As one of the middle-class people still living in north St. Louis, I can tell you firsthand how frustrating the situation is. We choose to live here. It is our home. I grew up here and now I watch my own son ride his bike on the same street where I learned how. We can afford to move to plenty of other places, but for my family and many others like us, the day we leave north St. Louis is the day we leave St. Louis altogether.
Gun shots in the distance that come with the dogwood trees blooming, sure signs that spring has arrived. The insult felt when a business you called for service tells you they don’t come to your part of town. The frustration of driving past under-performing public school after under-performing public school in your neighborhood on your way to the other side of town to take your child to a good public school in someone else’s neighborhood. These are all part of the daily indignities black folks endure living where most black people live in St. Louis City.
But none of these things are as frustrating or as heartbreaking as the regularity of murders occurring in our community.
So I understood the frustration of young Alderman Brandon Bosley when I read that he was calling for the governor to declare a state of emergency in St. Louis and send in the National Guard. The idea itself is ridiculous. I have seen firsthand what harm militarizing a situation can cause. The presence of such equipment acted as kerosene on an already fiery situation in Ferguson in 2014. That is not something we want in north St. Louis in 2019.
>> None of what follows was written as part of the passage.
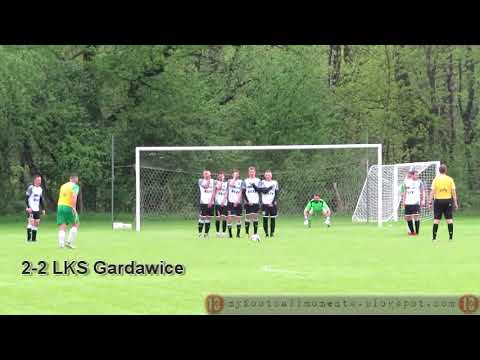 LKS Woszczyce (Orzesze) - LKS Gardawice (Orzesze) 15.05.2021 (2-3) 7-Poziom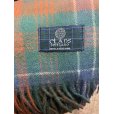 画像2: 【IMPORT】TARTAN WOOL SCARF (2)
But as a former alderman who dealt with a mayor even more indifferent to our situation than this one, I get it. It’s frustrating—maddening, even—that mayors and police chiefs claim success while night after night citizens are being victimized by violence. It says the lives of the people being killed, or the citizens being terrorized by the daily violence, don’t matter. It makes you feel invisible. Powerless. Unheard.
As a city alderman, it is even more frustrating, because residents living in these areas call on you to do something about it, even though you have no direct control over the significant resources allocated to address these problems. All of those resources fall under the mayor. But they don’t call the mayor. They don’t expect anything from the mayor. Just as so many people have given up on calling the police.
In St. Louis a very strange circumstance exists: white citywide officials are not held accountable for the conditions of their black constituents.
It’s odd. It’s not something you see in other majority-black cities. In fact, very often, white mayors of majority-black cities go out of their way to show how comfortable they are in the black community. They are savvy when it comes to maneuvering issues of race and in dealing with topics central to this important constituency. That doesn’t happen here.
Here, Mayor Lyda Krewson, like her predecessor Francis Slay for 16 years before her, can go months and never have to answer a single question on the death and violence driving black people out of north St. Louis. The mayor feels no pressure to call a press conference after a weekend of north side violence destroys more lives-—certainly not like after a single act of violence downtown or in the Central West End.
And so I understand young Bosley’s frustration. It’s not fair that he should have to carry the weight of what is happening in the 3rd Ward all by himself, without the support, leadership and resources of the mayor and the rest of the city. No more than the alderman from the 7th Ward, Jack Coatar, should have to carry the weight of developing and maintaining downtown all by himself. No, the city clearly sees the importance of a vibrant and safe downtown. But for north St. Louis, home to 100,000 citizens, the message from this city is clear: We’re on our own.
That was something I realized quickly when I too was a young alderman. Once I realized that, I did my best to come up with holistic solutions that did not require the involvement of a mayor that obviously did not care about what was happening in my community.
We organized, tripling the number of active block units. We innovated, creating the city’s first ward-wide surveillance camera network. We opened after-school centers for kids in my ward, programs that are still going, which my wife and I still pay for personally. Very soon, we started to see results, with homicides dropping a whopping 80% in my ward.
It can be done. But there are no short cuts. It involves the hard work of many people and organizations. It involves the resources of middle-class people, critical to keeping communities vibrant. It involves a long-term strategy that recognizes the awful truth of the matter: In north St. Louis, we don’t have a mayor. We don’t have a police chief. We don’t have a functioning and responsive city government. All we have is each other.
It shouldn’t be that way. But for those of us entering another spring and summer in a long-ignored part of town, we have work to do, with or without the rest of St. Louis. As young Bosley reminded the city, lives depend on it.